Using a simple movement ‘alphabet’ that borrows from Laban concepts of effort, weight, and space, the 12 physical performers were filmed traversing a climbing wall.
This resulted in a ‘dataset’ of thousands of video clips that were lovingly hand animated and tagged, before developing a path-finding algorithm to ‘stitch together’ generative combinations from that alphabet.
As such, each digital performer is comprised of many fragments of movement – both human and machine processed – which can be combined to create complex and emergent choreographies.
Originally commissioned as an interactive public artwork for the Surrey Urban Screen (Vancouver, 2013), the work is currently (2022/23) being ‘remastered and remixed’ at 4K resolution and being updated through a series of experiments with Generative Adversarial Networks to create digital performers and temporal choreographies “that don’t exist” (a term coined to describe the process of generating new digital media from a corpus of data, see: “this person doesn’t exist”).

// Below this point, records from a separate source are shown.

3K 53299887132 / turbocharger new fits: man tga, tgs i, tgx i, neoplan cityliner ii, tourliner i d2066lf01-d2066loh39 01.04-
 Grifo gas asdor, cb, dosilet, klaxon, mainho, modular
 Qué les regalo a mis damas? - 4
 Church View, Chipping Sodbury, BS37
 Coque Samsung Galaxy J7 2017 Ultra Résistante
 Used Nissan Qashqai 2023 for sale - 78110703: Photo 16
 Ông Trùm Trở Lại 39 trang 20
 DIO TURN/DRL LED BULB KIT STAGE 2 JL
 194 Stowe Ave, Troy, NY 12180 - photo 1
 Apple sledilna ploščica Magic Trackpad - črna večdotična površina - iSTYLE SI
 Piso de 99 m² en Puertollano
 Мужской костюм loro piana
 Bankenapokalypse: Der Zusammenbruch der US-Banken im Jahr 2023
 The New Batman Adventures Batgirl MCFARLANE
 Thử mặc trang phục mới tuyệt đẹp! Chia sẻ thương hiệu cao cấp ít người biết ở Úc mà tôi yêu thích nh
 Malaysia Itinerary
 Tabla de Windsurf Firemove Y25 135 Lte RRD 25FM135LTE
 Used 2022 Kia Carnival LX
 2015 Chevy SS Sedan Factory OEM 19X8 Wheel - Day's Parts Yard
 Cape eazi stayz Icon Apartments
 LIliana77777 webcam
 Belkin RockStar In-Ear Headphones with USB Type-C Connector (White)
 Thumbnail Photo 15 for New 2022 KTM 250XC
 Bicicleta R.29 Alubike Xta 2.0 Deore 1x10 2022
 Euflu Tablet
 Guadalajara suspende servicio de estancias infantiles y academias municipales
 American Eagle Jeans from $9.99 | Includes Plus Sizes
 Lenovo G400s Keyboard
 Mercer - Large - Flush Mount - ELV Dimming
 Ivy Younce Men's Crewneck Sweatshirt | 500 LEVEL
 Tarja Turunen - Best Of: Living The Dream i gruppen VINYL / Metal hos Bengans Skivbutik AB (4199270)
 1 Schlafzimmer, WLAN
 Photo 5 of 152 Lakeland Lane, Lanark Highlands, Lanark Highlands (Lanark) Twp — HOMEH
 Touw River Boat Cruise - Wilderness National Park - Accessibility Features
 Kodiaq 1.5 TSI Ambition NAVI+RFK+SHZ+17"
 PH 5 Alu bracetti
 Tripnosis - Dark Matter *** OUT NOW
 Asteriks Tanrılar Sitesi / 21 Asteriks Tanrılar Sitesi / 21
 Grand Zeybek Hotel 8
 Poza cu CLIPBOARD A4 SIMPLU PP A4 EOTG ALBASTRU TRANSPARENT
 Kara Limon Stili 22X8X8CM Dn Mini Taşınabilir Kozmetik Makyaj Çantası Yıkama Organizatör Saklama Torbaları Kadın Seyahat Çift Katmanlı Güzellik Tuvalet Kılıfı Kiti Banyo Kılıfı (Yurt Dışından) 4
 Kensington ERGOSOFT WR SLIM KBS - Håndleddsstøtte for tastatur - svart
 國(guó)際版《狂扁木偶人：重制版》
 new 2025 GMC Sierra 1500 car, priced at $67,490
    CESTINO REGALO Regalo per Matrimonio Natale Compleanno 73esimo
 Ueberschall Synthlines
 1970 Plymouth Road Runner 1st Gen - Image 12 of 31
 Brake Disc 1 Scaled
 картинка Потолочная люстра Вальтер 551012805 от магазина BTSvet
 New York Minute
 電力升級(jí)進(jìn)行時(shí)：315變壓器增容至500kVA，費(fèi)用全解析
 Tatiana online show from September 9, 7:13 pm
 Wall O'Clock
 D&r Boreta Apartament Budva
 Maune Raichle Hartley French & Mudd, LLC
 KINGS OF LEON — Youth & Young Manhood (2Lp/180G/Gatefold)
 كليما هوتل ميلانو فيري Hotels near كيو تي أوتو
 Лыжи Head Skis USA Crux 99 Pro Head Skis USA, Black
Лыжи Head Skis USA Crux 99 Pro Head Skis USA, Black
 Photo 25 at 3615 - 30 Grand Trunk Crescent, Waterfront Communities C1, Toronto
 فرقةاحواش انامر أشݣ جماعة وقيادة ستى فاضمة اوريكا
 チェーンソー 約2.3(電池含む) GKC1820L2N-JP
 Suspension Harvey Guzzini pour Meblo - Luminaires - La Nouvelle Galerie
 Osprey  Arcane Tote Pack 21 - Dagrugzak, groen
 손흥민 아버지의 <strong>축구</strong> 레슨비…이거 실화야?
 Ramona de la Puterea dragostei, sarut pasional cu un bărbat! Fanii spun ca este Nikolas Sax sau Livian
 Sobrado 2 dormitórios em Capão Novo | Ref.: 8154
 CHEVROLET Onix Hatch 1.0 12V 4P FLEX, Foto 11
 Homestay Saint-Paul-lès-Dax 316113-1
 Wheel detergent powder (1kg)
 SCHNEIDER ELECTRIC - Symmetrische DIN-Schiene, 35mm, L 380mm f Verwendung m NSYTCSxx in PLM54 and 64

Longing + Forgetting [LAF] is a collaboration between Matt Gingold, Dr Philippe Pasquier, a world leading expert in machine learning and director of the Metacreation Lab, and Dr Thecla Schiphort, a pioneer of digital choreography who created Lifeforms, the choreographic computer system used by Merce Cunningham.
The work was developed during my residency at the School of Interactive Art and Technology, Simon Fraser University (Vancouver, CA) as part of Moving Stories, a broader research project into gesture, machine learning, dance, movement and meaning.
LAF has had several presentations, including live performance, generative video projection (Generations, ISEA Vancouver, 2015), real-time data visualization (Scores + Traces, New York, 2016) and an academic paper and performance for CHI 2017 (Denver), the premier international conference in the field of Human-Computer Interaction.